In group theory, Cayley's theorem, named in honor of Arthur Cayley, states that every group G is isomorphic to a subgroup of the symmetric group on G. This can be understood as an example of the group action of G on the elements of G.
A permutation of a set G is any bijective function taking G onto G; and the set of all such functions forms a group under function composition, called the symmetric group on G, and written as Sym(G).
Cayley's theorem puts all groups on the same footing, by considering any group (including infinite groups such as (R,+)) as a permutation group of some underlying set. Thus, theorems which are true for permutation groups are true for groups in general.
Proof of the theorem
From elementary group theory, we can see that for any element g in G, we must have g*G = G; and by cancellation rules, that g*x = g*y if and only if x = y. So multiplication by g acts as a bijective function fg : G → G, by defining fg(x) = g*x. Thus, fg is a permutation of G, and so is a member of Sym(G).
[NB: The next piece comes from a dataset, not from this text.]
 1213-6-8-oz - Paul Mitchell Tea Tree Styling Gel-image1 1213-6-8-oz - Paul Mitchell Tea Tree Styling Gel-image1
The subset K of Sym(G) defined as K = {fg : g in G and fg(x) = g*x for all x in G} is a subgroup of Sym(G) which is
isomorphic to G. The fastest way to establish this is to consider the
function T : G → Sym(G) with T(g) = fg for every g in G. T is a group homomorphism because (using "•" for composition in Sym(G)):(fg • fh)(x) = fg(fh(x)) = fg(h*x) = g*(h*x) = (g*h)*x = f(g*h)(x), for all x in G, and hence: T(g) • T(h) = fg • fh = f(g*h) = T(g*h). The homomorphism T is also injective since T(g) = idG (the identity element of Sym(G)) implies that g*x = x for all x in G, and taking x to be the identity element e of G yields g = g*e = e.
Thus G is isomorphic to the image of T, which is the subgroup K considered earlier.
T is sometimes called the regular representation of G.